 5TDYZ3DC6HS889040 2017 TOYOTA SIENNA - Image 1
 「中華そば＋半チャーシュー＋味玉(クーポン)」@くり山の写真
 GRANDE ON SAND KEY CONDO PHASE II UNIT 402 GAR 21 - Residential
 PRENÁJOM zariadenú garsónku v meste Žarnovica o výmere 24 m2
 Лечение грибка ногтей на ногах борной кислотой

* * *

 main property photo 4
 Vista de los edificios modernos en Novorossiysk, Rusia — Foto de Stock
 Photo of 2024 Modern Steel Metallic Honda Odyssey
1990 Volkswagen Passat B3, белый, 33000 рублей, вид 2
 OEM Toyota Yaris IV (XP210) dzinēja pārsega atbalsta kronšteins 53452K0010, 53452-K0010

==

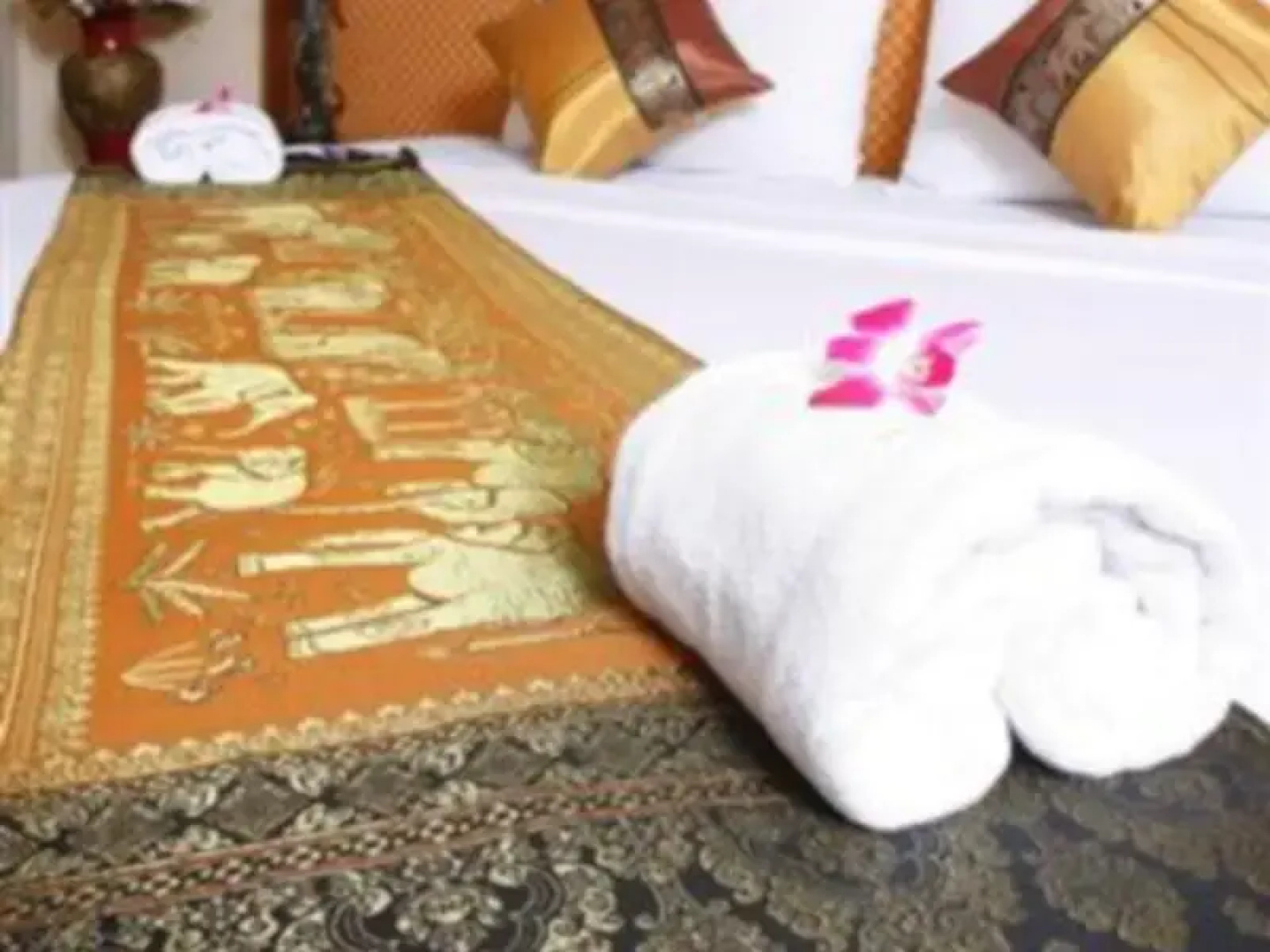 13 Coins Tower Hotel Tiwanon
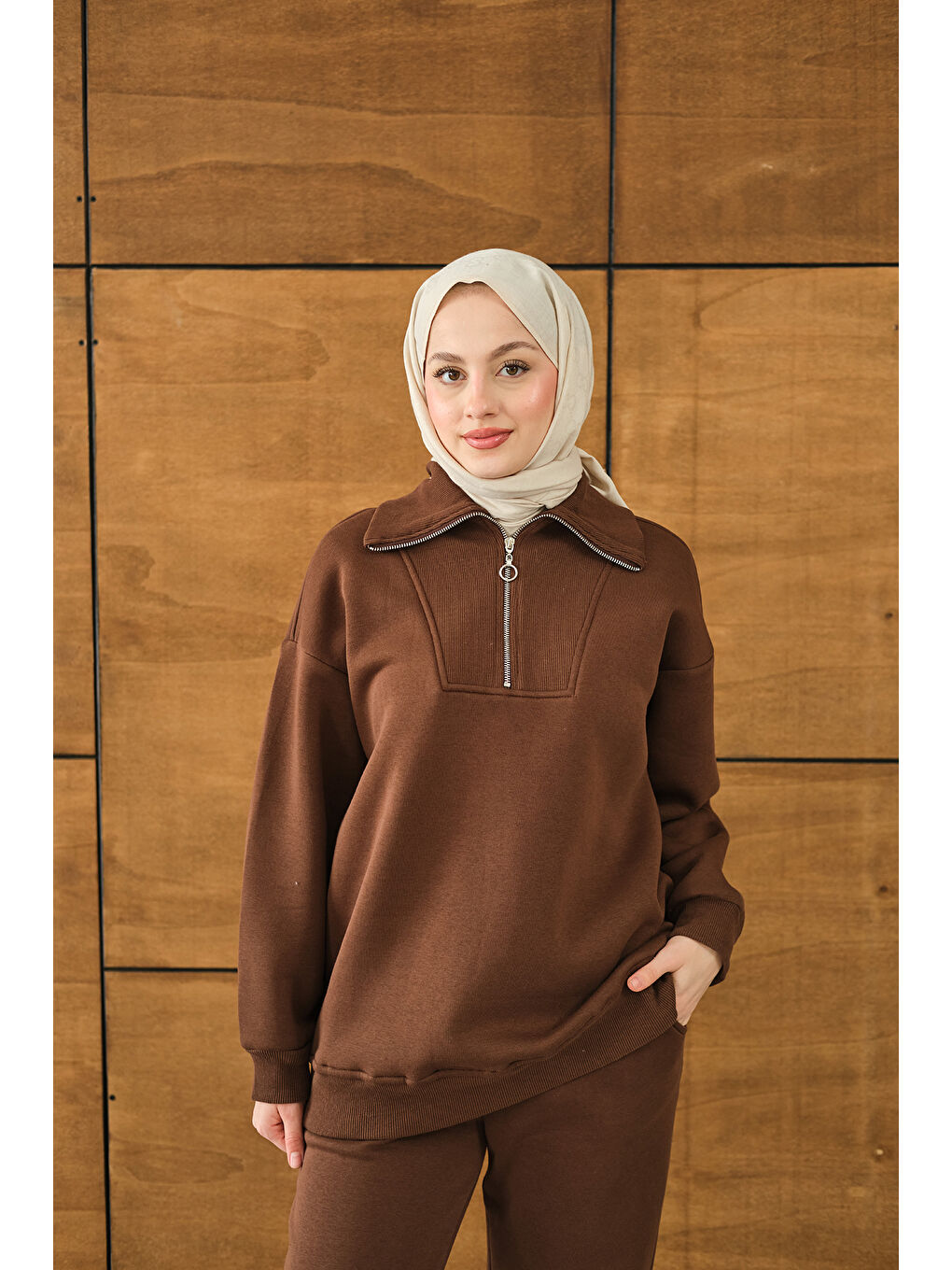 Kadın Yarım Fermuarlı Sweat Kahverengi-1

** Problem to work on **
The required output is every line above from the one with "5TDYZ3DC6HS889040 2017 TOYOTA" down to the one with "Лечение грибка ногтей", restated word for word, ends included.

** Answer for this exercise **
 5TDYZ3DC6HS889040 2017 TOYOTA SIENNA - Image 1
 「中華そば＋半チャーシュー＋味玉(クーポン)」@くり山の写真
 GRANDE ON SAND KEY CONDO PHASE II UNIT 402 GAR 21 - Residential
 PRENÁJOM zariadenú garsónku v meste Žarnovica o výmere 24 m2
 Лечение грибка ногтей на ногах борной кислотой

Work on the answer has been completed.